Tuesday, June 15, 2004

The Sport of Kings

What's up with the national dodgeball fascination? Seems like we've all gotten nostalgic for elementary school gym class, but to be honest, dodgeball was (relatively) cute when you were in fourth grade and significantly less so when you're thirty-seven and unemployed. Besides, it's not like we've seen any major recurrence of adults riding Big Wheels™ bikes in circles or climbing on the monkey bars. (Well, there is the Al-Qaeda training video they keep showing us of the Afghani dude doing the monkey bars at that training camp.... Could the media please stop showing it? Seriously, we're not scared of that guy — he's doing the freaking monkey bars for Christ's sake.

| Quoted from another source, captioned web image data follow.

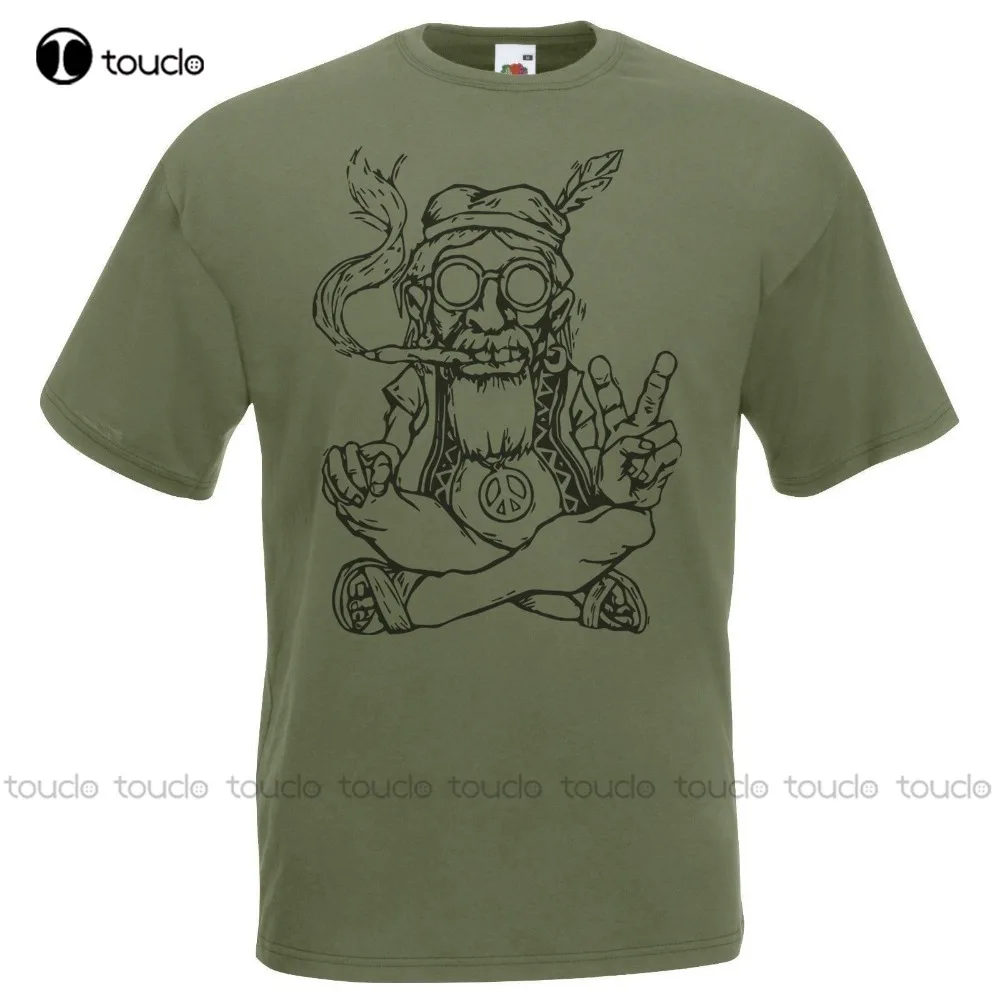 

Men New Short Sleeve Hipster Mens Olive Green Hippy Peace T-Shirt Gents Weed Hippie 420 Festival Tshirtmale Tees Xs-5Xl Unisex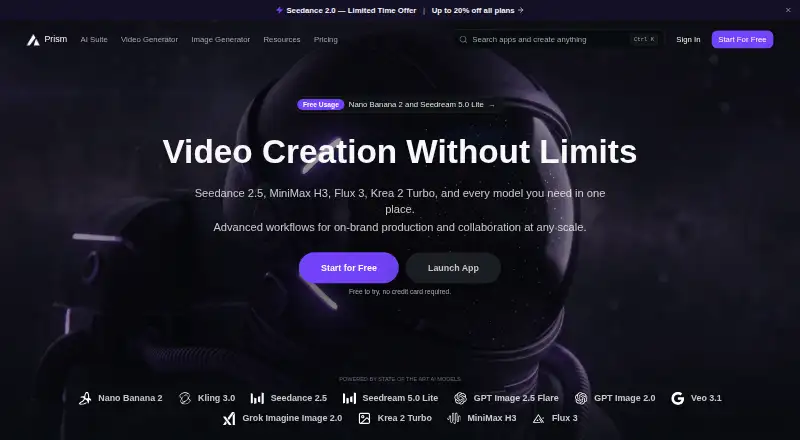 The Prism Videos homepage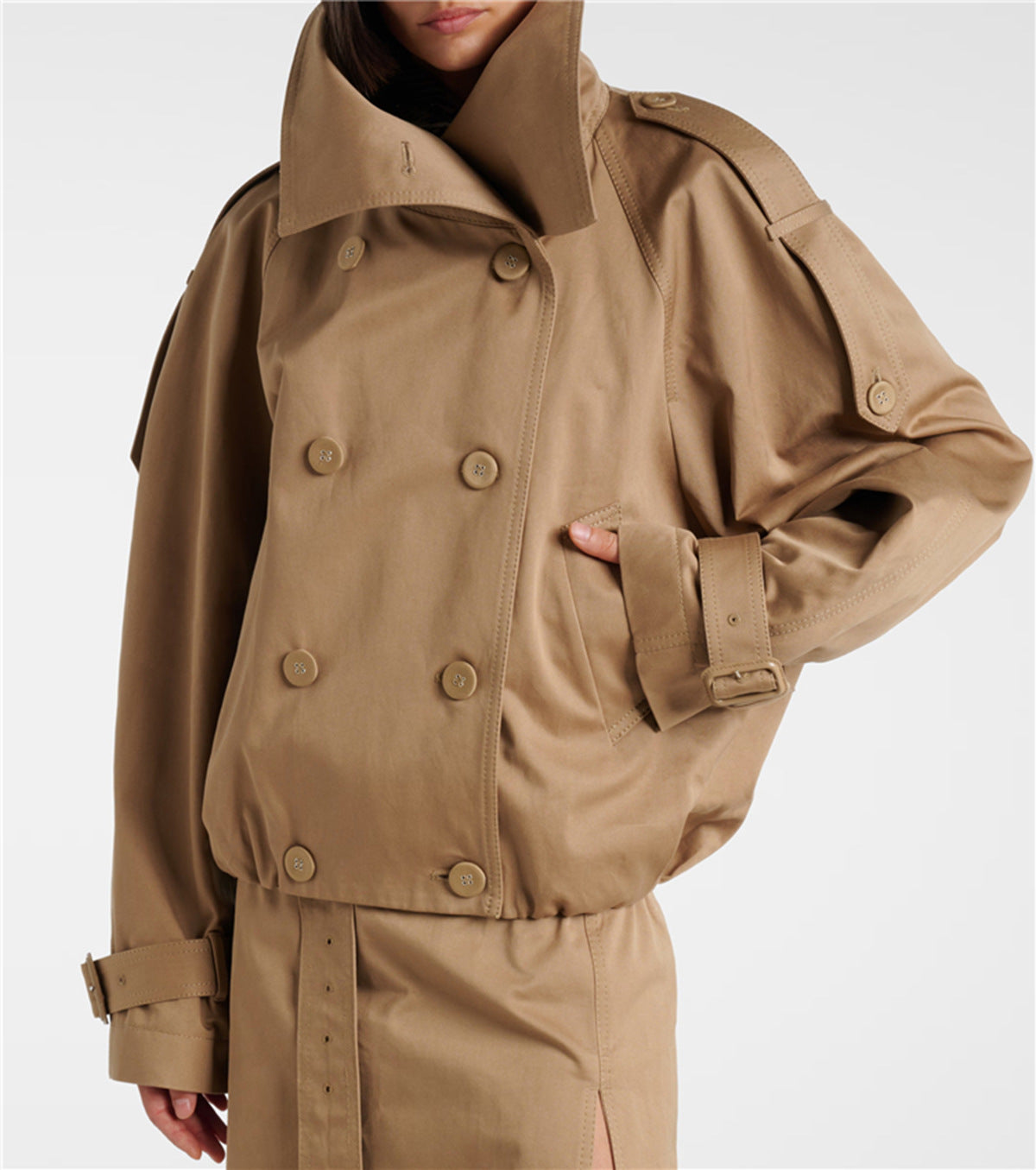 Collar long sleeved short double breasted trench coat style workwear jacket for women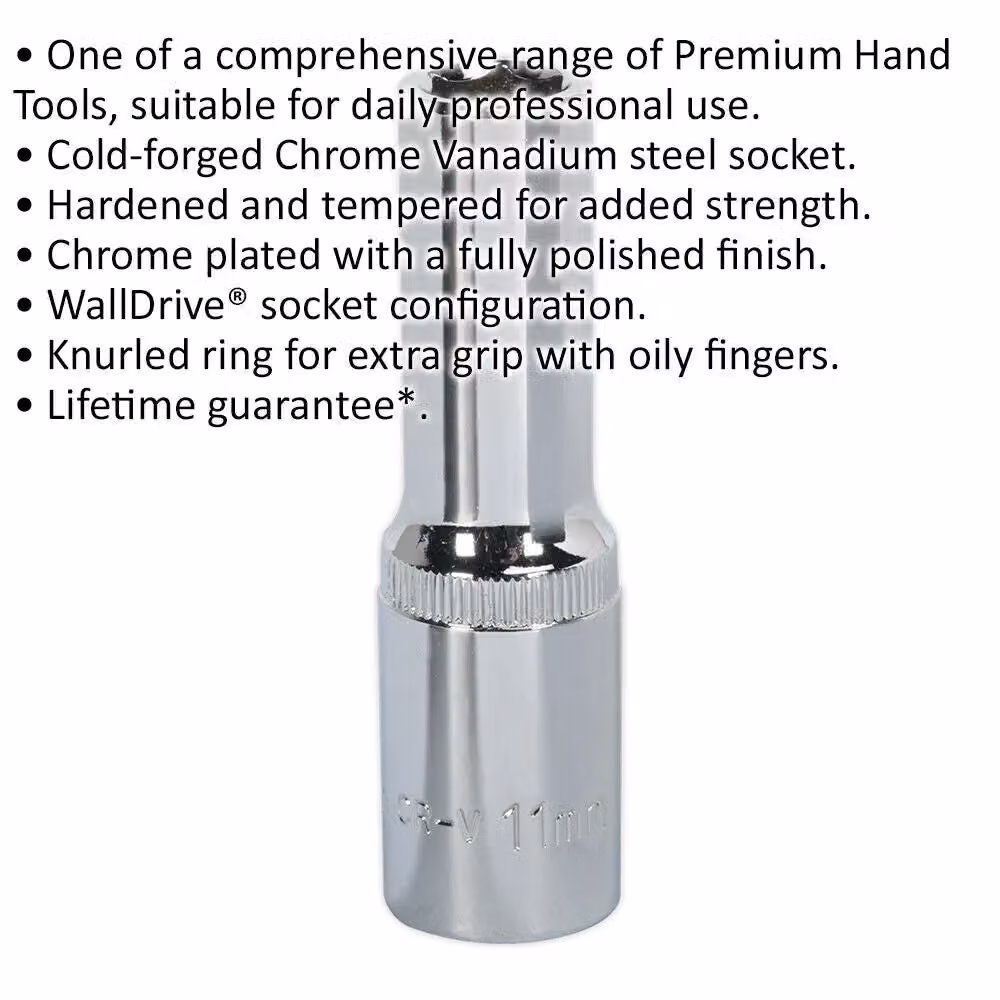 Loops 11mm Deep Drive Socket 1/2 inch Square Drive Forged Steel in Silver Chrome Vanadium – 2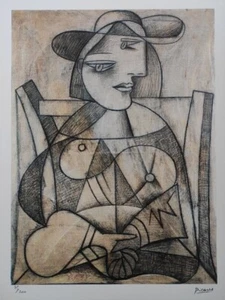 Pablo Picasso Signed - Portrait of a Woman with a Hat - Certificate SPADEM Paris - Picture 1 of 5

I bet after that he plays on a tire swing or something. Asshole.)

See, my theory is that we're all so filled with rage and frustration and... uh, what's a synonym for "rage"... and fury that we fantasize about pegging total strangers with a red rubber ball. I mean, it's a bit more legal than beating them over the head with a two-by-four or hitting them with a Volvo.

At least, that's my theory. I haven't actually played dodgeball since fifth grade, and in six years of dodgeball — which, I have to say, is the longest I've stuck with any sport — I've never been pegged and I only got one person out. In fourth grade, about two-thirds of the way through the year, I caught that British kid Oliver's ball — and he was good at the game — sending him to the sidelines and significantly boosting my dodgeball self-esteem. And now, come to think of it, my classmates did give me my dodgeball props, and I was no longer picked last for teams. I'd moved up, as if fourth-grade phys ed were the Billboard charts, to third or fourth from last.

Gotta say as an aside that Mr. Dubrowski, the Coles School gym teacher, was suprisingly fair about picking team captains. And hypocrite that I was (am), as team captain, I always picked Oliver or Jason or Kevin Brenner or R.J. Milligan first too. I can sense your disapproval as I write this but, hey, I wanted to win.

That's what I remember about dodgeball. It wasn't the hell most other people recall, but it certainly wasn't worth turning into a game show or a movie (okay, maybe a Ben Stiller-quality movie). I don't quite get the appeal because most of real dodgeball memories involve me hiding behind the multi-purpose room stage steps or proscenium with Becky Gindin. Mr. Dubrowski was too busy keeping track of which of the approximately five-thousand kickballs currently in play were slugging our classmates to notice the young love blossoming sub-rosa in the recesses of the gym. For some reason, I just don't feel like that's the point of dodgeball.

No, the point of dodgeball is, as I said, taking out your anger at the world on some pathetic shlub who can't get out of the way fast enough. Problem is: right sentiment, wrong time. On the dodgeball range (Court? Field? "I'll meet you down at the karate rink!" -- Tom Servo), no one's actually in your way. Being a middle-aged dodgeball player would be infinitely less pitiful if, out of nowhere, you hurled a kickball at the greasy guy who always holds the elevator door open for his slow-ass friend or an old lady who insists on paying for her groceries in nickels and pennies. Think of how much more smoothly the world would operate if everyone carried around a large rubber ball for just such a situation!


Final note: I guess some nerds, dweebs, dorks, and doofuses got themselves elected to New Jersey public office. As of November 18, 2002, dodgeball is illegal in the state of New Jersey.